Instance crashed with ORA-01092 Error

While I was checking a customer environment, I saw that the Repository Database of an Enterprise Manager Cloud Control installation was down. Due to the alert log, there was a hung of processes in the night and the instance was killed by the PMON. Every subsequent startup of the database failed with an ORA-01092 error.

In this blog post, I will demonstrate how to analyze a memory issue which can lead to an ORA-01092 error.

HugePages

The database was configured to use HugePages – see my blog post Verwendung von HugePages (German) or My Oracle Support Note 361468.1 for more details about this topic.

If the system has not enough HugePages to hold the complete SGA, Oracle will use either a combination of HugePages and SmallPages or SmallPages only. To force Oracle to use HugePages only, you have to set use_large_pages to ONLY.

Information about the usage of HugePages/SmallPages are written to the alert log before each instance startup.

*********************************************************************
Dump of system resources acquired for SHARED GLOBAL AREA (SGA)

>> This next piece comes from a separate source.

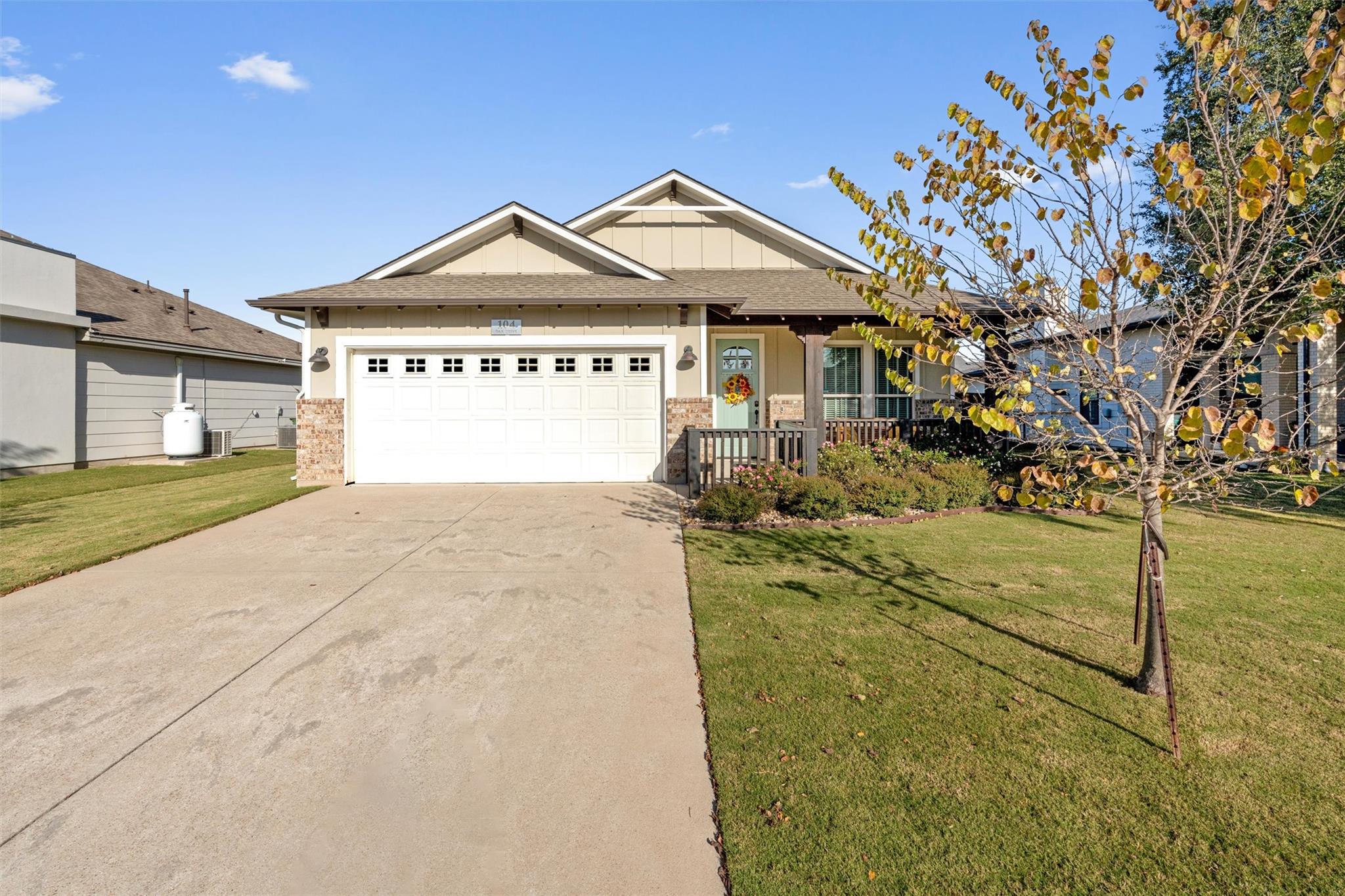 104 Dax Dr, Liberty Hill, TX 78642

Per process system memlock (soft) limit = UNLIMITED
Expected per process system memlock (soft) limit to lock
SHARED GLOBAL AREA (SGA) into memory: 16G
Available system pagesizes:
4K, 2048K
Supported system pagesize(s):
PAGESIZE AVAILABLE_PAGES EXPECTED_PAGES ALLOCATED_PAGES ERROR(s)
4K Configured 10 10 NONE
2048K 8194 8193 8193 NONE
**********************************************************************

You can use /proc/meminfo to see the amount of configured, free and reserved HugePages.

$> grep "HugePages_" /proc/meminfo
HugePages_Total:  8194
HugePages_Free:      2
HugePages_Rsvd:      1
HugePages_Surp:      0

Problem

When I tried to start up the database using SQL*Plus, I got an ORA-03113 error and the instance crashed.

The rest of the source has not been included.